16, Agosto, 2022

Uragano del 5 marzo: approvato il piano per ripartire 12,5 milioni di risorse statali in Toscana. In Valdarno circa 400mila euro

Più lette

In Vetrina

Il piano ripartisce tra i comuni delle 6 province più colpite dal vento dello scorso marzo, le risorse statali destinate alla realizzazione di interventi su edifici pubblici: in tutto 12,5 milioni. In Valdarno fra i più colpiti ci furono Reggello, Castelfranco Piandiscò, Terranuova e Loro

In tutta la Toscana, l'uragano del 5 marzo scorso fece danni che furono stimati in 400 milioni di euro, fra immobili e infrastrutture pubbliche e proprietà private. Oggi arrivano le risorse statali destinate nello specifico ai comuni, per gli interventi urgenti eseguiti sui danneggiamenti ad aree e edifici pubblici: a fronte di un totale di spese sostenute e certificate che supera i 25 milioni in Toscana, dallo Stato ne sono arrivati 12,5 milioni.

E così il piano di interventi urgenti di protezione civile relativi all'emergenza del 5 marzo 2015, oggetto di una ordinanza del commissario delegato Antonino Melara, ripartisce tra i Comuni delle 6 province più colpite dall'evento (Firenze, Arezzo, Lucca, Massa Carrara, Prato e Pistoia) le risorse statali destinate alla realizzazione degli interventi. I comuni interessati sono in tutto 154 comuni. E visto che le risorse statali non sono sufficienti per garantire la copertura di tutte le spese sostenute dagli enti attuatori il piano definisce le priorità di intervento sulla base della loro tipologia.
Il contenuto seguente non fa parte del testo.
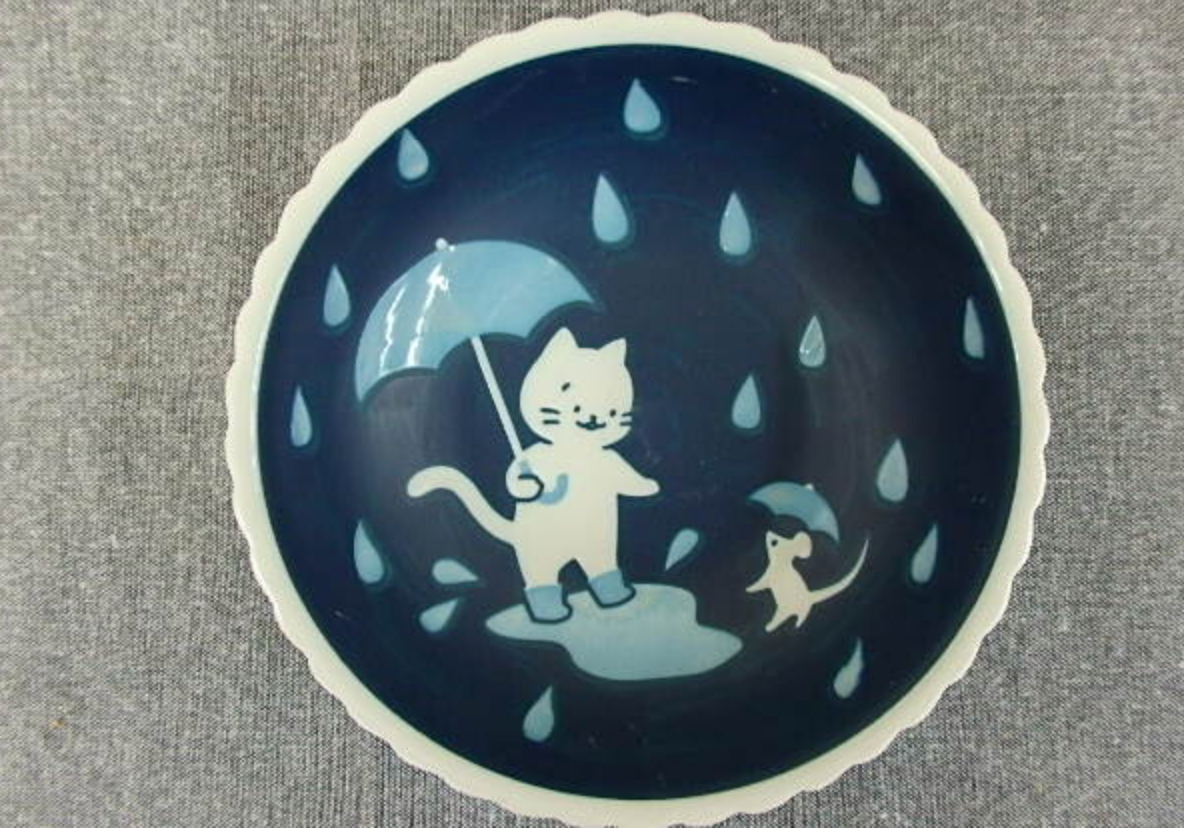 Cat's Good Night Umbrella Buddies Ceramic Bowl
Il piano prevede la copertura al 100% solo per le spese per l'immediata assistenza prestata alla popolazione e per acquisto di materiale e fornitore. Per rimozione o taglio degli alberi nei centri urbani che occludevano strade o corsi d'acqua, è stato assegnato il 75% di contributo delle spese dichiarate dall'ente. Agli interventi sulle scuole è stato assegnato il 70% di contributo spese, e il 60% a interventi igienico sanitari di salute pubblica. Stessa percentuale agli interventi di smaltimento dell'amianto ‐ molte coperture divelte dal vento erano in eternit. Per i tetti scoperchiati di edifici pubblici, per le strade danneggiate, per l' illuminazione pubblica e lo smaltimento rifiuti ed alberature è stato assegnato il 50% di contributo. Agli interventi sui parchi urbani è stato assegnato invece il 35% di contributo.
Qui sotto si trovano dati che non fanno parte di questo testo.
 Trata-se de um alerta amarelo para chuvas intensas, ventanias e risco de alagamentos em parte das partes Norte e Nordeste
In Valdarno furono quattro i comuni più colpiti dal vento del 5 marzo, quelli che siedono ai piedi del Pratomagno: Loro, Castelfranco Piandiscò, Terranuova, Reggello. A questi quattro comuni, più l'Unione dei comuni del Pratomagno che lavorò su alcuni interventi, sono stati destinati quasi 400mila euro, a fronte di lavori effettuati per oltre 600mila euro. 

Terranuova è stato il comune che ha certificato maggiori spese, pari a oltre 225mila euro. I danni maggiori furono quelli al Palazzetto dello Sport.
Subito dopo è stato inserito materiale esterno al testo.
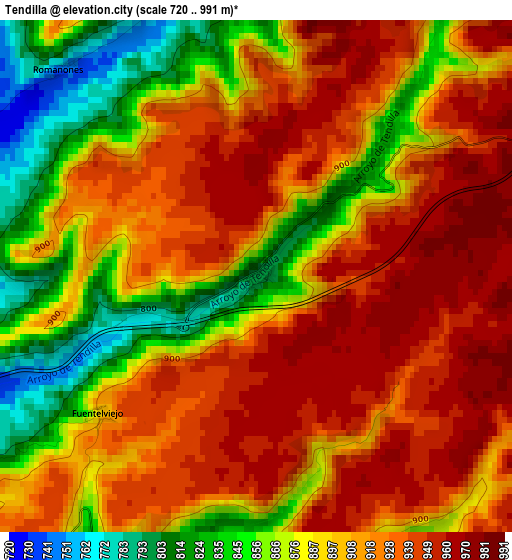 Tendilla elevation map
Reggello ha speso oltre 130mila euro per l'emergenza: oltre ai tanti alberi caduti, si registrarono importanti danneggiamenti ad alcune scuole.

Per il comune di Castelfranco Piandiscò una larga fetta dei 120mila euro spesi finirono nella rimozione e nel taglio di alberi. Il 5 marzo ha lasciato il segno in particolare a Pian di Scò, dove il viale fu oggetto di un abbattimento totale dei pini, considerati ormai a rischio.

 
Loro spese 83mila euro per gli interventi urgenti. Danneggiate le scuole, ma anche gli impianti fotovoltaici pubblici. 

Infine, gli interventi eseguiti dall'Unione dei Comuni del Pratomagno, poco meno di 50mila euro per rimuovere piante cadute su strade e torrenti.